4. The document data sorting apparatus according to claim 1, wherein the inputted document data to be classified is data of a patent publication, and the predetermined category is whether or not it belongs to a predetermined technical field. The attribute extracted by the attribute extraction means and the dictionary creation attribute extraction means is at least one of F-term, IPC (International Patent Classification), FI, and a word appearing in the data of the patent gazette. A document data sorting device characterized by being.

In a document data classification method executed by a computer to classify document data into predetermined categories,
An attribute extraction step for extracting the attributes of the input classified document data;
An attribute extraction step for creating a dictionary that extracts attributes from known document data that has been previously classified into predetermined categories;
A calculation method for calculating a probability value representing a relationship between a category of the known document data and an attribute extracted in the attribute extracting step for creating a dictionary based on a ratio between categories of the known document data classified into the predetermined category. A probability value calculation method selection step of selecting
Between attribute categories and probability value calculating step for calculating the probability value using the selected calculation method;
A probability value dictionary storing step of storing the calculated probability value in a probability value dictionary in combination with the category and the attribute;
A category determination step of determining a category for the input classified document data using the attribute of the classified document data and the probability value dictionary;
And a determination result output step of outputting the determined determination result.

6. The document data classification method according to claim 5, wherein in the probability value calculation method selection step, a method for calculating the probability value is selected using (Expression 1) or (Expression 2). Classification method.

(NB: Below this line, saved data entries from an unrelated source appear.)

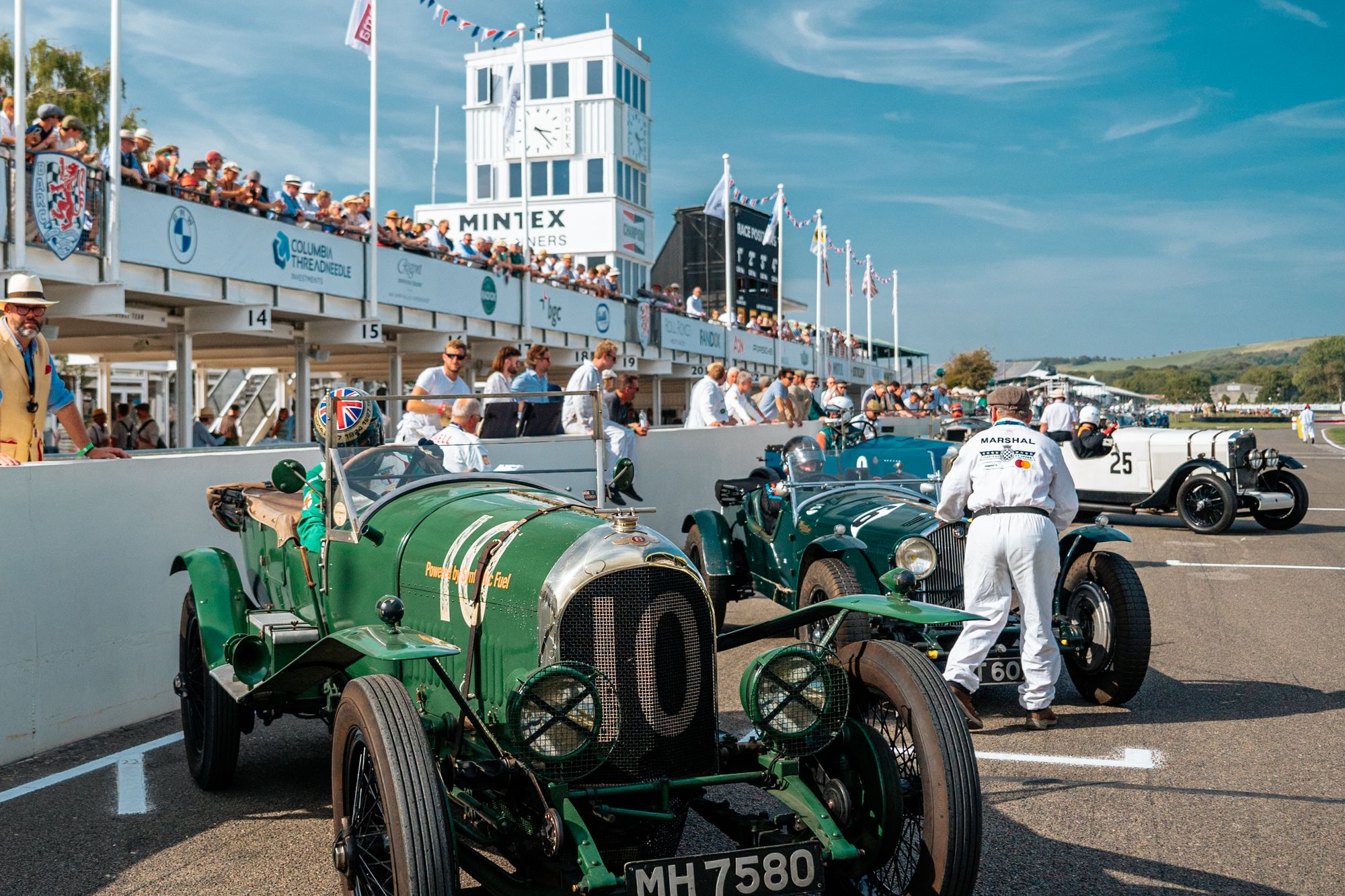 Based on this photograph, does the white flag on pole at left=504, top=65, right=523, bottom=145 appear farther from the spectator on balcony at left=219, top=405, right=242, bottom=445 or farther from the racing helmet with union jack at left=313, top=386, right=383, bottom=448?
the racing helmet with union jack at left=313, top=386, right=383, bottom=448

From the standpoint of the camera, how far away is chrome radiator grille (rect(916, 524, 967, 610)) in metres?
7.28

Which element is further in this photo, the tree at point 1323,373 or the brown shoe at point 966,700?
the tree at point 1323,373

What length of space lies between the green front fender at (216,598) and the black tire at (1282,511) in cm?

In a document data classification method executed by a computer to classify document data into predetermined categories,
An attribute extraction step for extracting the attributes of the input classified document data;
An attribute extraction step for creating a dictionary that extracts attributes from known document data that has been previously classified into predetermined categories;
Calculating a probability value representing a relationship between the category of the known document data and the attribute extracted in the attribute extracting step for creating a dictionary based on a ratio between the categories of the known document data classified into the predetermined category; A parameter determination step for determining parameters in (Equation 3);
An attribute category / probability value calculation step of calculating a probability value representing a relationship between a category of known document data classified into the predetermined category and the dictionary attribute, using (Equation 3);
A probability value dictionary storing step of storing the calculated probability value in the probability value dictionary in combination with the category and the attribute;
A category determination step of determining a category for the input classified document data using the attribute of the classified document data and the probability value dictionary;
And a determination result output step of outputting the determined determination result.

The program for making a computer perform the method described in any one of Claims 5-7.